Image-text web data:
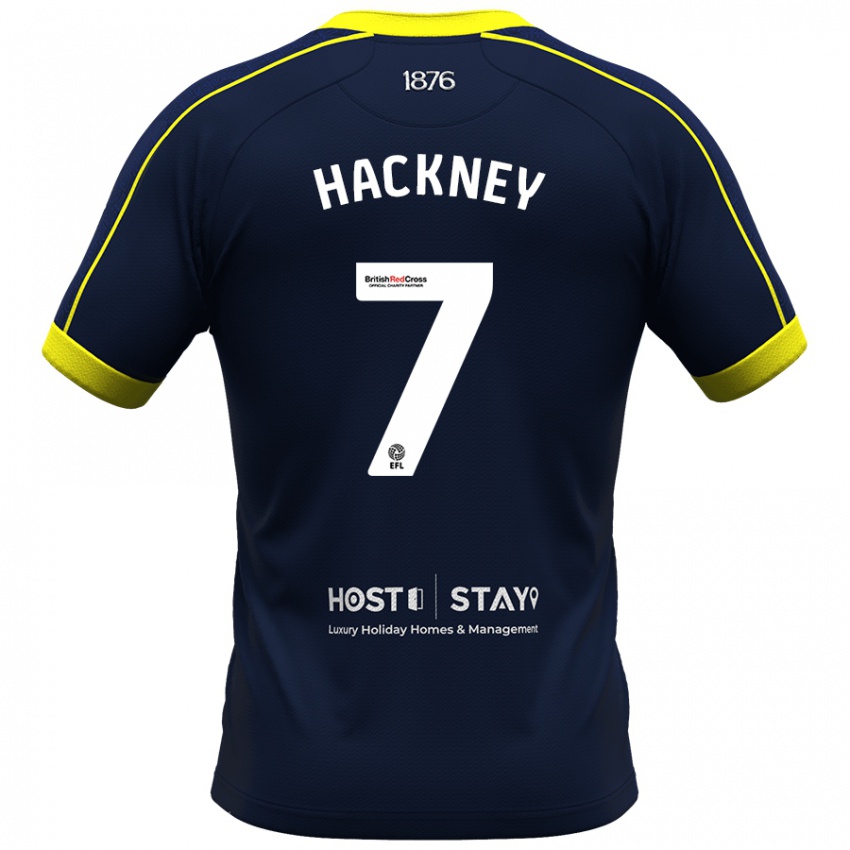 Criança Camisola Hayden Hackney #7 Marinha Alternativa 2023/24 Camisa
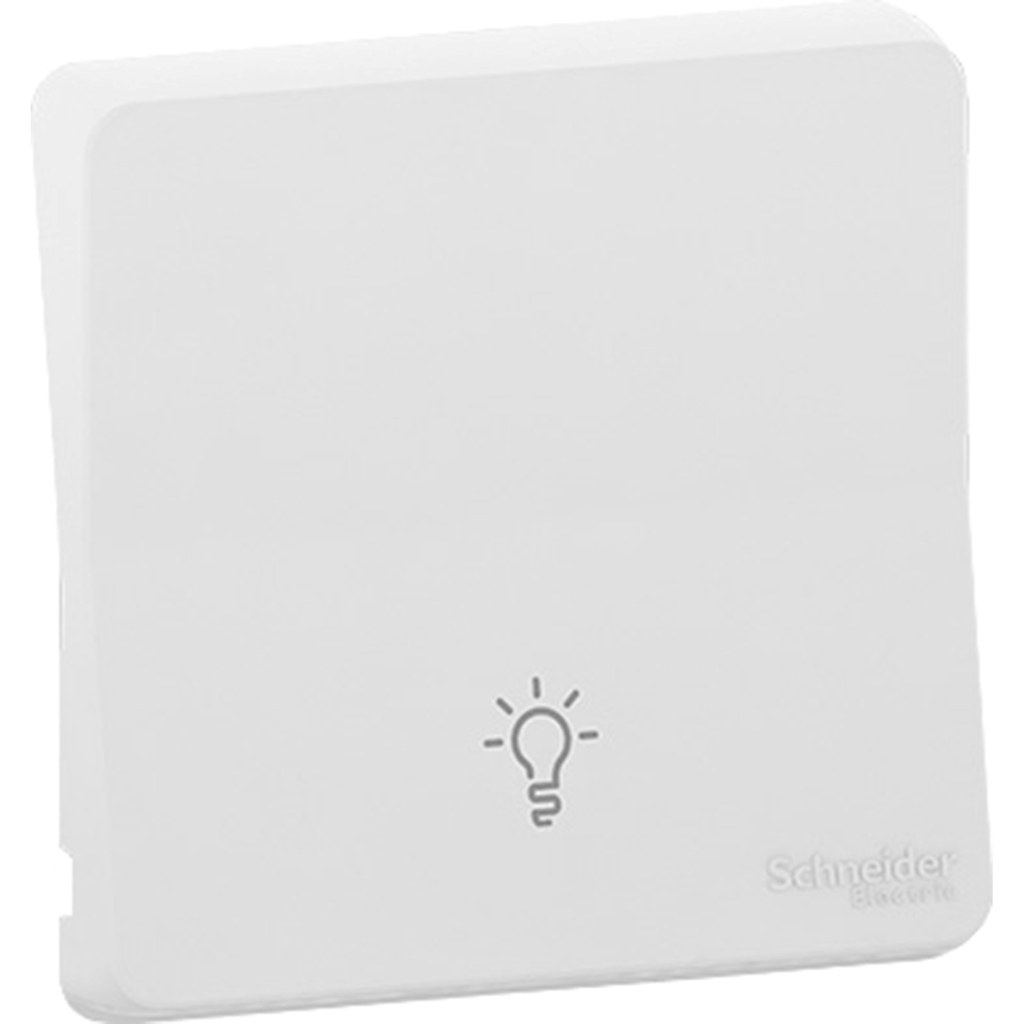 Mureva Styl - Enjoliveur avec symbôle lumière - IP55 - IK08 - blanc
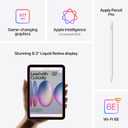 Apple iPad mini (A17 Pro): Apple Intelligence, 8.3-inch Liquid Retina Display, 128GB, Wi-Fi 6E, 12MP Front/12MP Back Camera, Touch ID, All-Day Battery Life  Purple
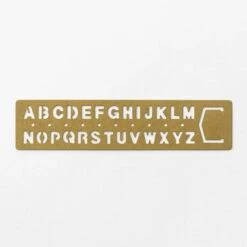 BRASS Template Bookmark Alphabet 13 BRASS Template Bookmark Alphabet -Writing Supplies Store brass template bookmark alphabet 314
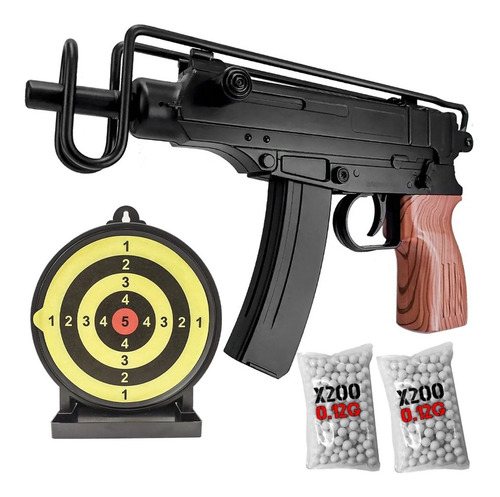 Pistola Airsoft Skorpion Vz 61 Replica Spring Blanco Balines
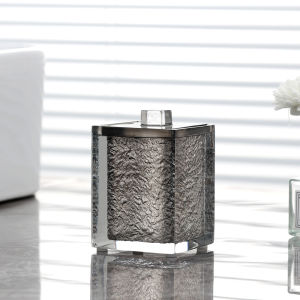 Creative Two-compartment Cotton Swabs and Toothpicks Holder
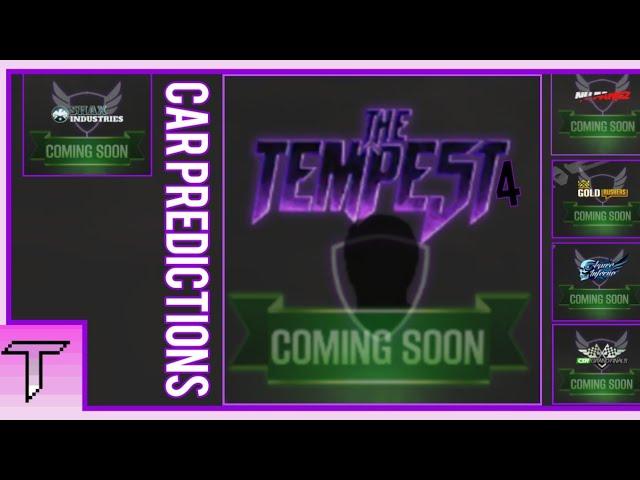 CSR2 (Tempest 4 Prize car) predictions...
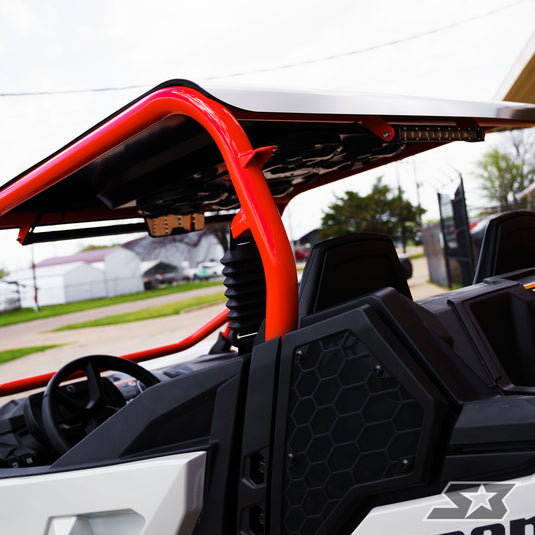2019+ Can-Am Maverick Sport Adjustable Roll Cage w/ 30" Light Bar Brackets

| AIM OF THE EXERCISE |
Return every entry above exactly as written, minus the pictures.

| WRITTEN ANSWER |
 Criança Camisola Hayden Hackney #7 Marinha Alternativa 2023/24 Camisa
 Mureva Styl - Enjoliveur avec symbôle lumière - IP55 - IK08 - blanc
 Apple iPad mini (A17 Pro): Apple Intelligence, 8.3-inch Liquid Retina Display, 128GB, Wi-Fi 6E, 12MP Front/12MP Back Camera, Touch ID, All-Day Battery Life  Purple
 BRASS Template Bookmark Alphabet 13 BRASS Template Bookmark Alphabet -Writing Supplies Store brass template bookmark alphabet 314
 Pistola Airsoft Skorpion Vz 61 Replica Spring Blanco Balines
 Creative Two-compartment Cotton Swabs and Toothpicks Holder
 CSR2 (Tempest 4 Prize car) predictions...
2019+ Can-Am Maverick Sport Adjustable Roll Cage w/ 30" Light Bar Brackets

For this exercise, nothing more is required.